# Prompt
Restate, word for word, the run of lines that starts at the line containing "vidaXL Manta Rojo" and ends with the final line of the listing. Leave pictures out.

### Provided data ###

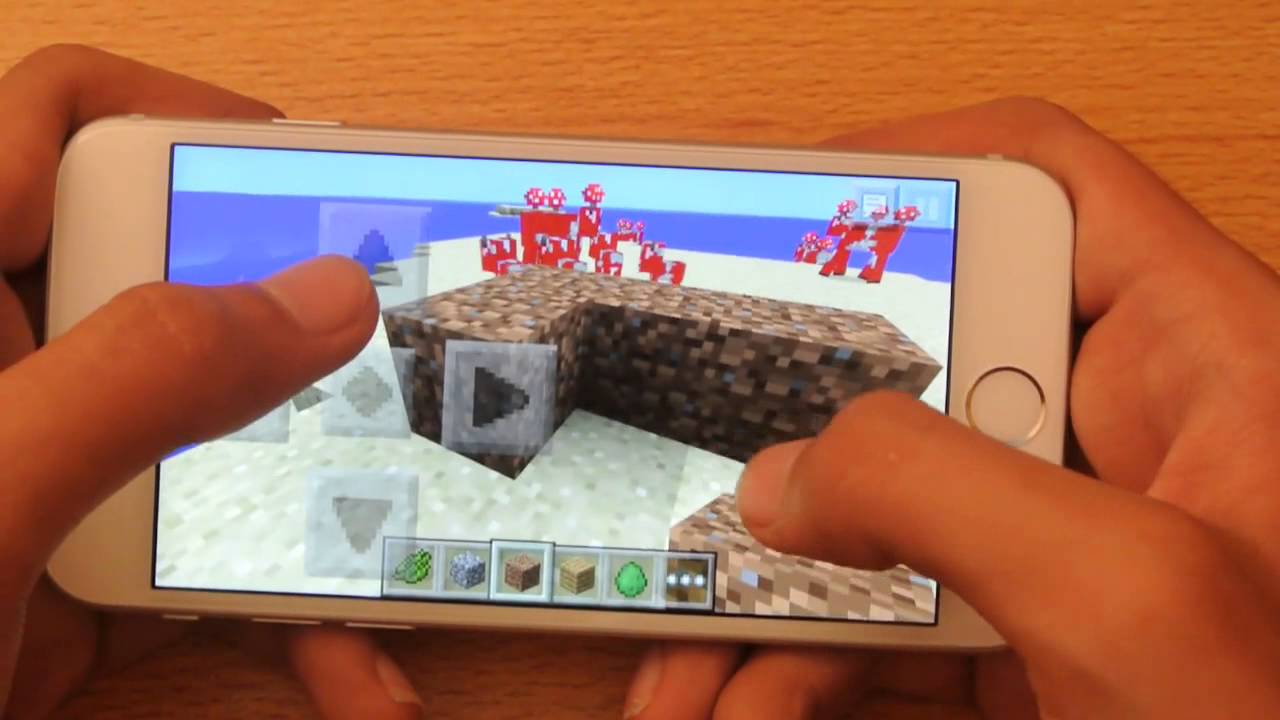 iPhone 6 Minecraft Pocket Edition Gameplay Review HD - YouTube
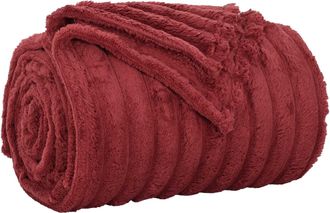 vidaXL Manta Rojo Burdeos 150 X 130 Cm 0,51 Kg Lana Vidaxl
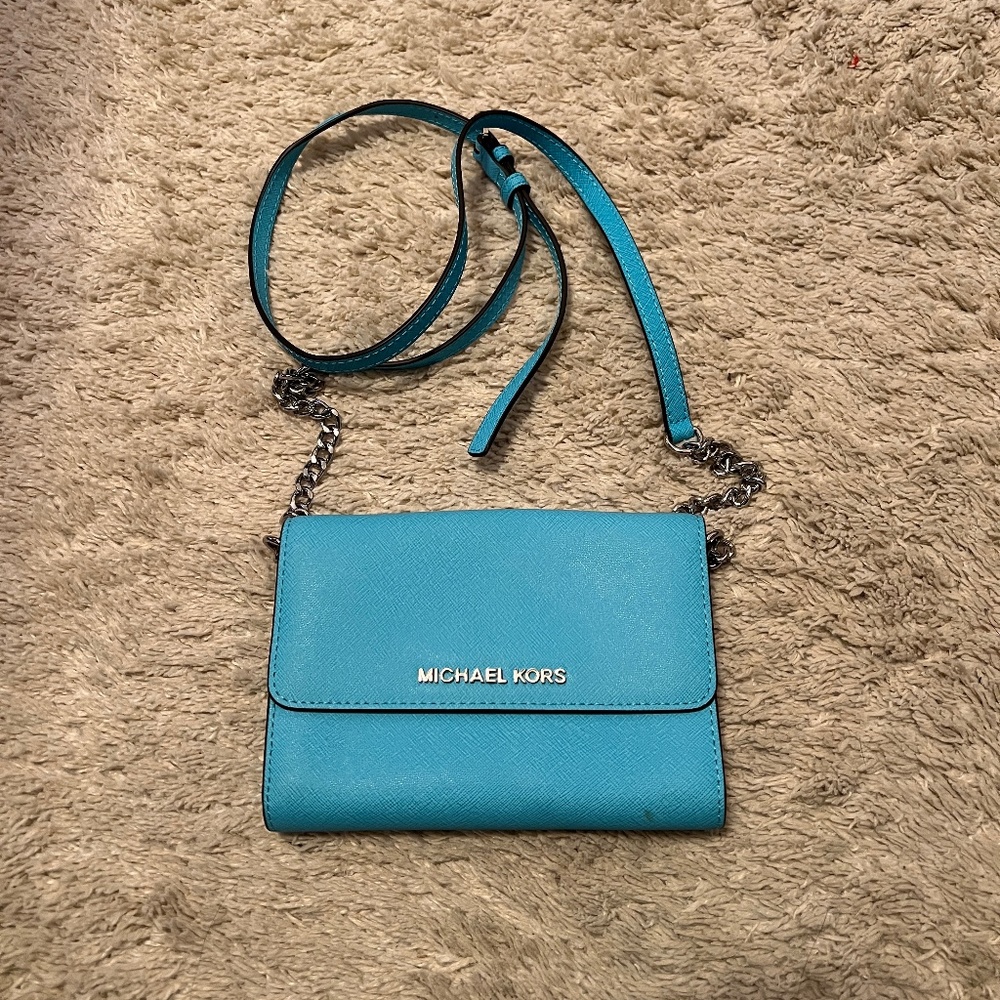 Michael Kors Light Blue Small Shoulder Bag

###

# Exercise output
 vidaXL Manta Rojo Burdeos 150 X 130 Cm 0,51 Kg Lana Vidaxl
 Michael Kors Light Blue Small Shoulder Bag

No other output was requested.